**YOUR ASSIGNMENT:** Your copy of the data should match it exactly, except that the pictures are gone.
**** DATA BLOCK ****
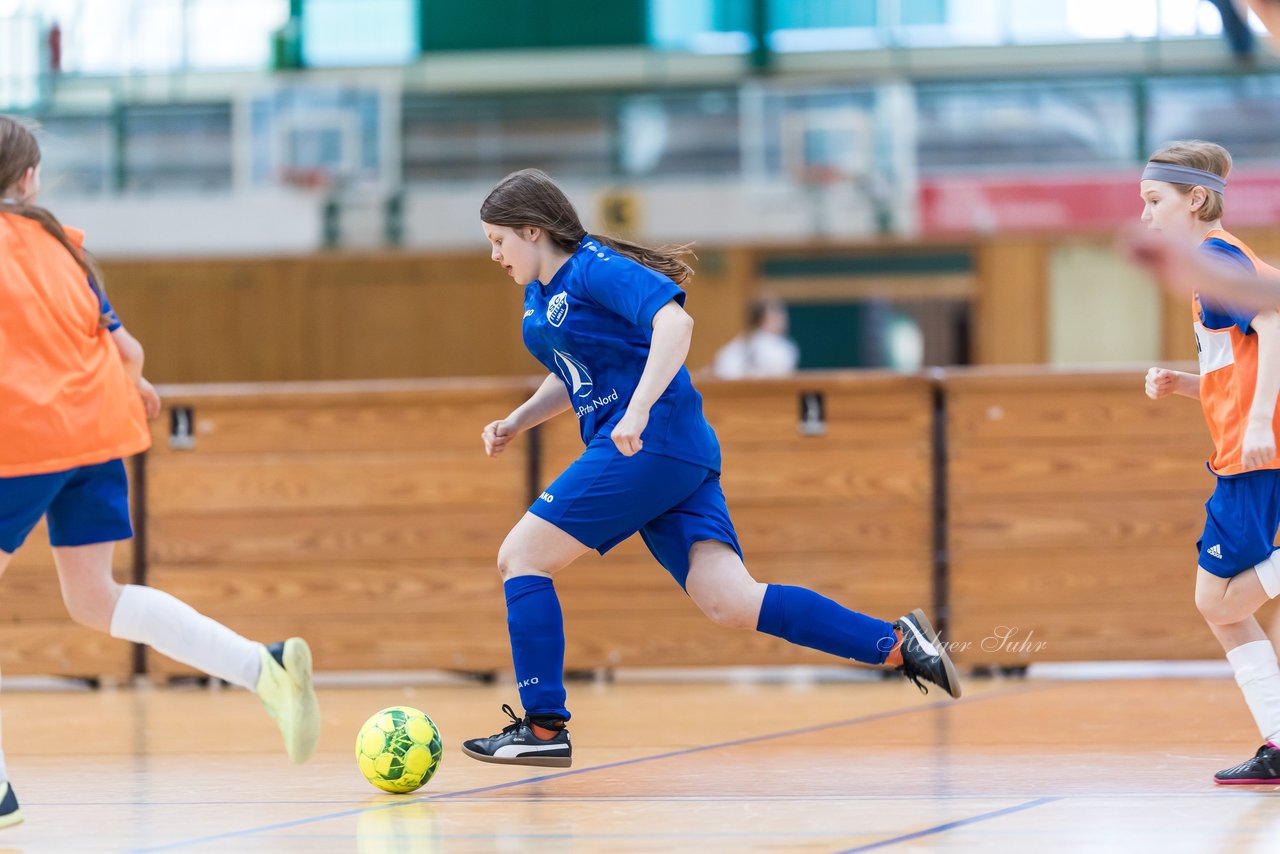 Bild 62 - Falko Cup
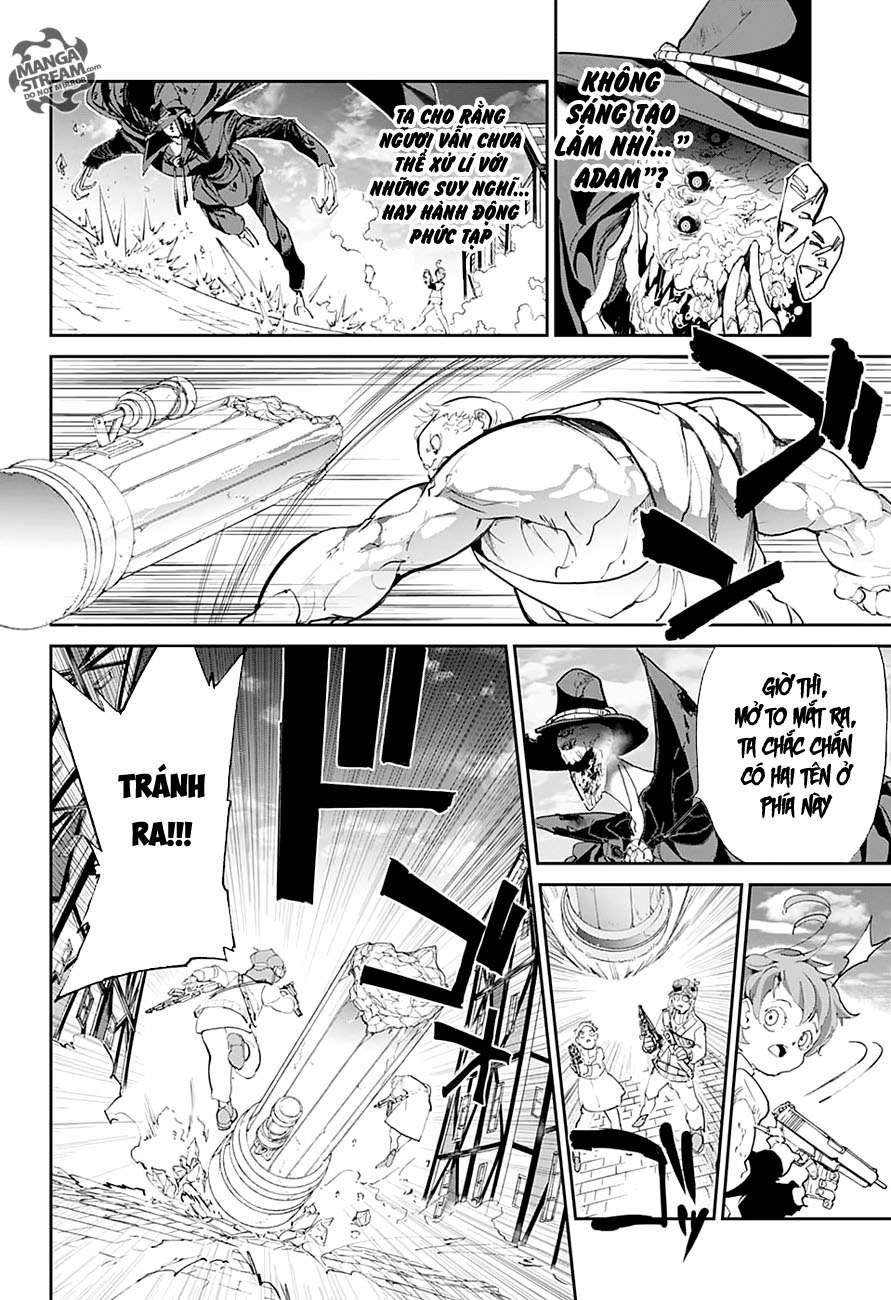 Chapter 92 - Trang 16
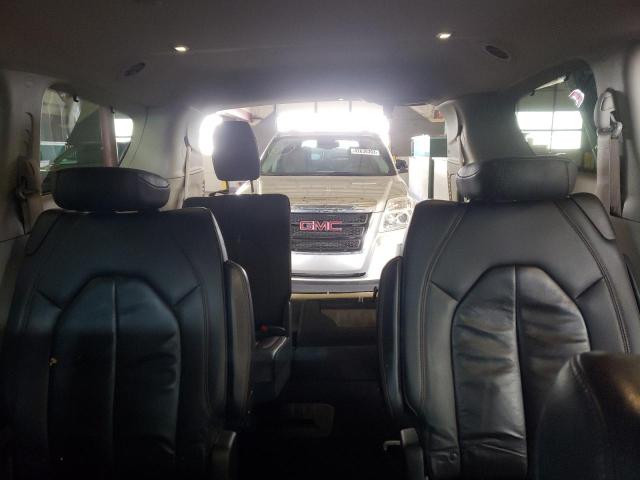2C4RC1BG2HR635026 - 2017 CHRYSLER PACIFICA TOURING L Սպիտակ լուսանկար 10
****
**RESPONSE:**
 Bild 62 - Falko Cup
 Chapter 92 - Trang 16
2C4RC1BG2HR635026 - 2017 CHRYSLER PACIFICA TOURING L Սպիտակ լուսանկար 10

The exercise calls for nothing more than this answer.